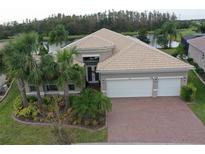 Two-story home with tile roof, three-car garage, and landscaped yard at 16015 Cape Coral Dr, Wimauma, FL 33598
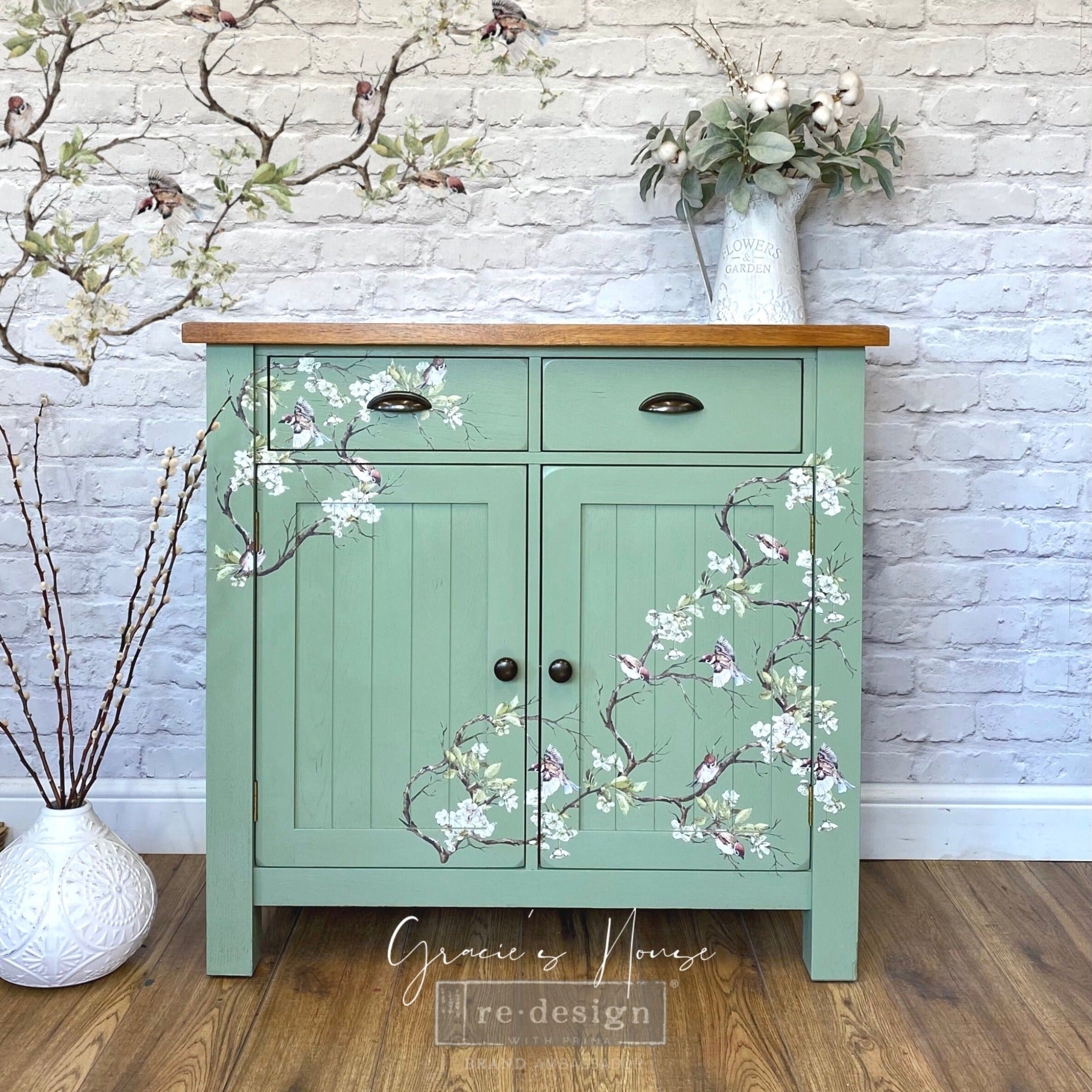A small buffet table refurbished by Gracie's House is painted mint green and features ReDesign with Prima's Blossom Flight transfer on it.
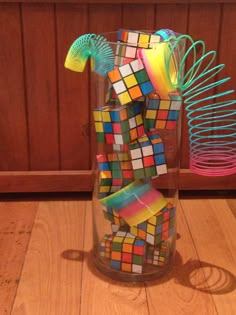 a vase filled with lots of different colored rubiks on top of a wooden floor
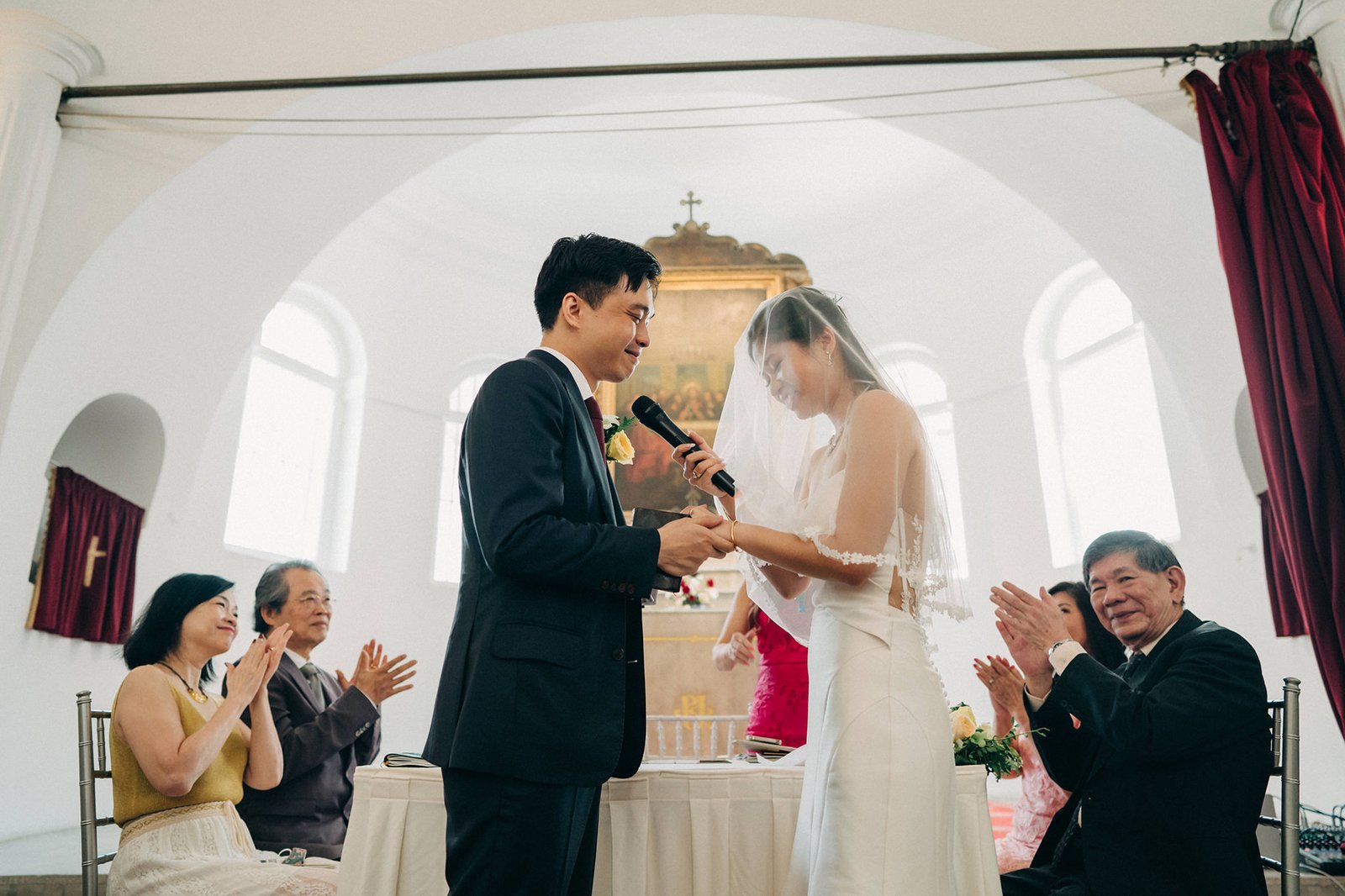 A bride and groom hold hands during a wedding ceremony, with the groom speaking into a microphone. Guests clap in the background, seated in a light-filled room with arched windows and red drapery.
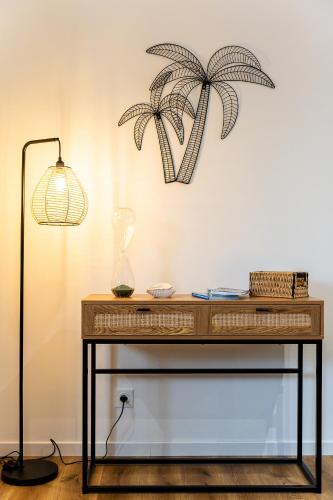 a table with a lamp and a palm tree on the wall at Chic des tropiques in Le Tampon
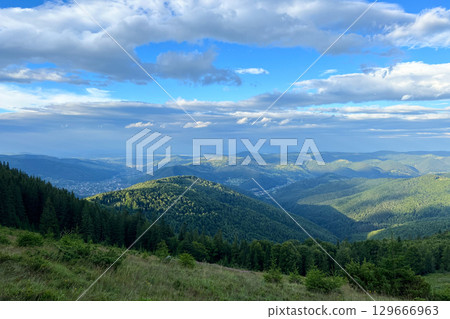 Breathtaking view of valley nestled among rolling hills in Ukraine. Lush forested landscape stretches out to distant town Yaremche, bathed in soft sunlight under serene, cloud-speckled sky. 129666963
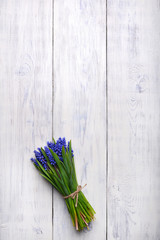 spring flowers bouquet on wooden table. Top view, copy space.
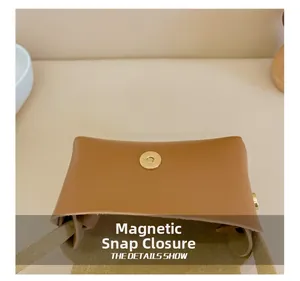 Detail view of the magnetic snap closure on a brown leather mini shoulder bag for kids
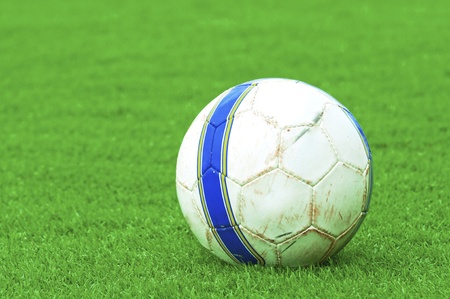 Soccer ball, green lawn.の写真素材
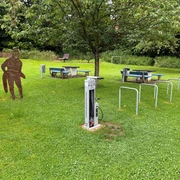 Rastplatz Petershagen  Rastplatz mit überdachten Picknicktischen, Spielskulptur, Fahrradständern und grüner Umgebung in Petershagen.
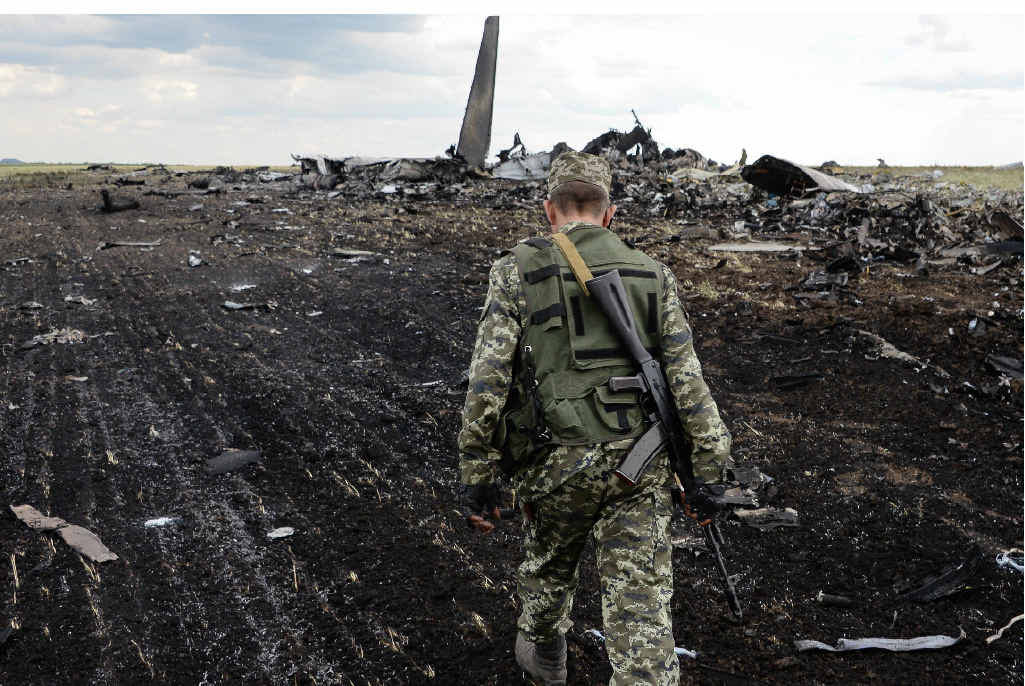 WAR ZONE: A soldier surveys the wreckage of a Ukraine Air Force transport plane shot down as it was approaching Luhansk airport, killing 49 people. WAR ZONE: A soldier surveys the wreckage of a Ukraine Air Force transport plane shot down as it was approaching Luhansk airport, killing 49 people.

Exercise details — Copy the listing exactly. Leave the pictures out.

Task response —
 Two-story home with tile roof, three-car garage, and landscaped yard at 16015 Cape Coral Dr, Wimauma, FL 33598
A small buffet table refurbished by Gracie's House is painted mint green and features ReDesign with Prima's Blossom Flight transfer on it.
 a vase filled with lots of different colored rubiks on top of a wooden floor
 A bride and groom hold hands during a wedding ceremony, with the groom speaking into a microphone. Guests clap in the background, seated in a light-filled room with arched windows and red drapery.
 a table with a lamp and a palm tree on the wall at Chic des tropiques in Le Tampon
 Breathtaking view of valley nestled among rolling hills in Ukraine. Lush forested landscape stretches out to distant town Yaremche, bathed in soft sunlight under serene, cloud-speckled sky. 129666963
 spring flowers bouquet on wooden table. Top view, copy space.
 Detail view of the magnetic snap closure on a brown leather mini shoulder bag for kids
 Soccer ball, green lawn.の写真素材
 Rastplatz Petershagen  Rastplatz mit überdachten Picknicktischen, Spielskulptur, Fahrradständern und grüner Umgebung in Petershagen.
 WAR ZONE: A soldier surveys the wreckage of a Ukraine Air Force transport plane shot down as it was approaching Luhansk airport, killing 49 people. WAR ZONE: A soldier surveys the wreckage of a Ukraine Air Force transport plane shot down as it was approaching Luhansk airport, killing 49 people.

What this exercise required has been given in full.